Sharing Jesus in words has always been a struggle for me, especially in person. Many of us are afraid to tell our Jesus stories because we think our words are not good enough. Or we’re not good enough. SHARE is the word for this week’s Five Minute Five free writing challenge, a creative community that joins forces in a beautiful flash mob of words for five minutes. (The lines indicate where my free write begins and ends.)
He Was Thirsty, but I Withheld the Water
He asked me outright to share. On a plane enroute to Baltimore, I sat next to a U.S. soldier on his way home after a long overseas posting. He was eager to eat a McDonald’s hamburger again and sleep in his own bed. I was on my way to spend two weeks with my college boyfriend.

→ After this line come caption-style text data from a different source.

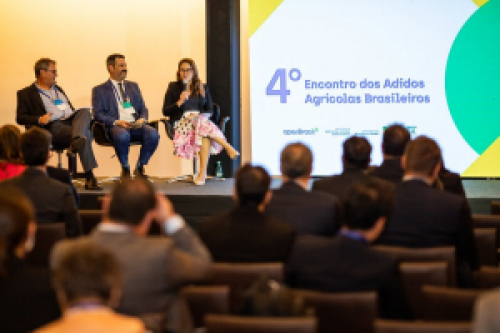 CNA participa de encontro com adidos agrícolas brasileiros
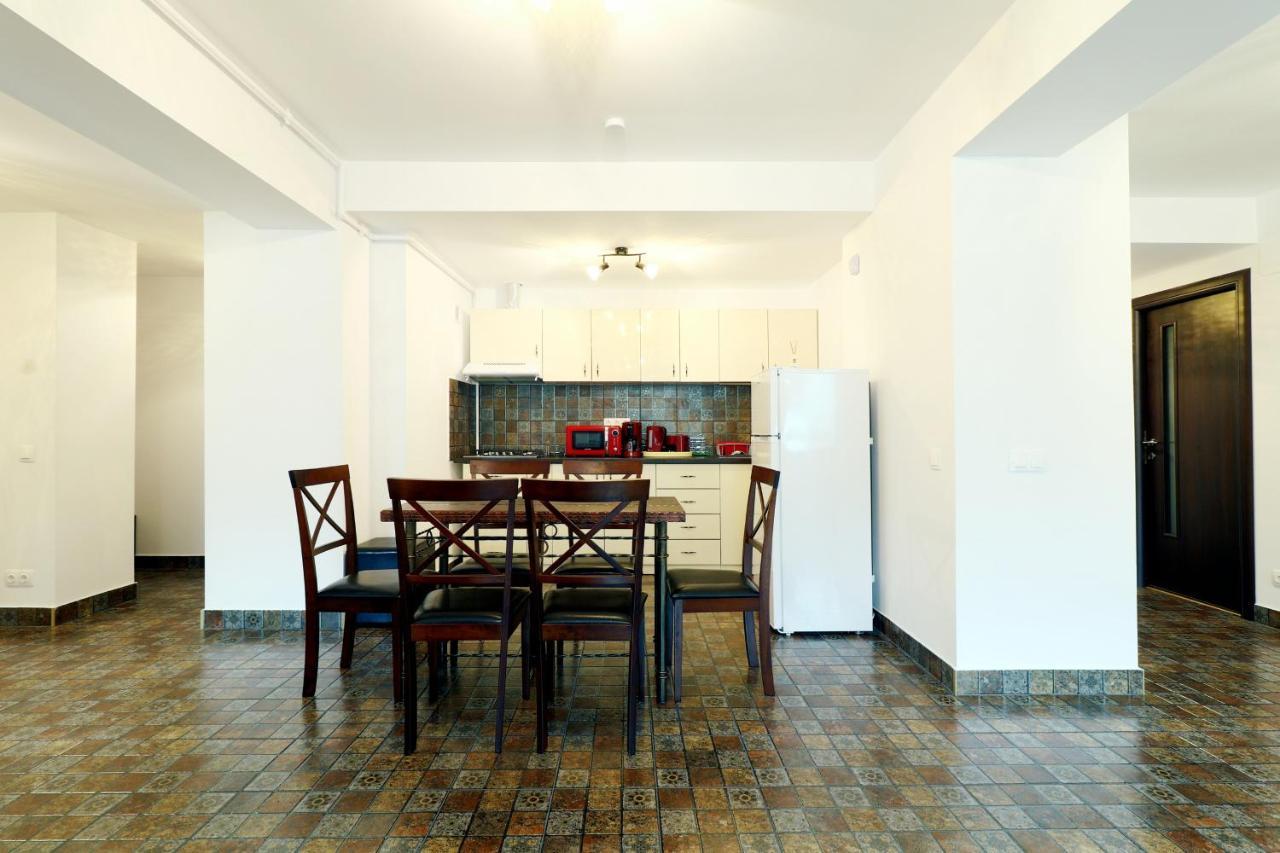 Sofia Apartment Sinaia Buitenkant foto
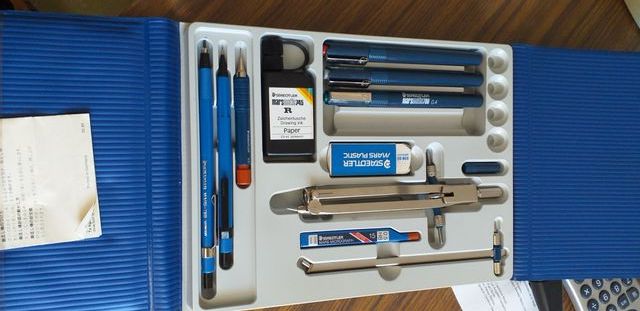 Juego de compás técnico Staedtler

Shortly into our conversation, he asked me point blank, “Like what else is there? God? Heaven? There’s gotta be. What do you think about all that?” His brown eyes lit up in hope of my answer. The silence hung above us like yellow air masks had just fallen from the ceiling, their tubes dangling awkwardly between us from a sudden change in cabin pressure. I probably reached for my mask, but it wasn’t there.
I don’t know if I’ve met someone so eager to know about God since then. Someone who was completely open to the gospel. Call it spiritual hunger or a deep thirst for God. Whatever it was, he wanted to know how I could help him. Even after I stuttered for about fifteen seconds, he asked me again, “Do you ever think about that?” But I didn’t give him the water.
Shame and Stammering
I’ve never loved putting my beating heart on the table. That is also what keeps me from sharing. The fear of rejection and subjection and objection to the person God made me to be, the me who feels fleshy and boney, completely and frustratingly imperfectly human, the girl who used to dance in her driveway unashamed.
I don’t love putting it out there—my thoughts, feelings, and stories. It’s hard to be honest and sometimes I’m not. I fumble and stumble, mumbling, “What am I doing?”
On that plane with the soldier I stammered instead of sharing. He walked off without knowing a bit of the God I knew. I said nothing about my faith or Christ or heaven. I froze. I can still see his silhouette in camo with his army pack slung over his back, people milling about, as his eyes searched for which route to take, smack dab between Arrivals and Departures.
To this day, if you ask me to share a bit of myself, I hesitate. Because I’ve shared myself before and it’s been either not enough or too much. Never the right amount for this world. Wounds sting, and yet, something in me sings, “Keep sharing.”
Carpe Diem Responsibility
When we don’t share, the truth dies. When we don’t offer who we are and the work of the Lord in our lives, the reshaping, remaking and rewriting of our messy lives, nobody wins. And something passes—a moment, an opportunity, connection, relationship. A soul.
Yes, that much can ride on our sharing. If you’re a Christian, if you make anything that adds beauty or truth to this world, you have a responsibility to share the freedom that sets people free. Because the truth must win. Hearts are hurting. When we stop looking at our ourselves full of hurts and scars and instead, bear them well, share them well, the world doesn’t win anymore. The lies start losing. The pain dies and healing comes to light, shouting.
We find ourselves suddenly willing to go to the dark places with people who need someone to be with them in their suffering and searching. Shame stops when we share that Jesus is real.
Something I’ve noticed about my favorite writers is they tell the same stories over and over. They may tell it in a slightly modified form, shorter or longer, but nonetheless, it is being retold. Each time, the stories grow in clarity and momentum. The same happens with us.
If your work is words, like mine, you know the feeling of your heart beating on the table, raw, open to critique and judgement. Yes. Share it. Risk it. Tell it. Again and again. Each time we bring our shattered story into the light, we fear less, and love more. The world is crying out to hear the work of redemption.
I share this story for the soldier. Despite my silence years ago, I pray he found the destination he sought and the God who loves him. Keep telling your Jesus story until shame and thirst are quenched in your heart and the world’s. Then get up and do it again.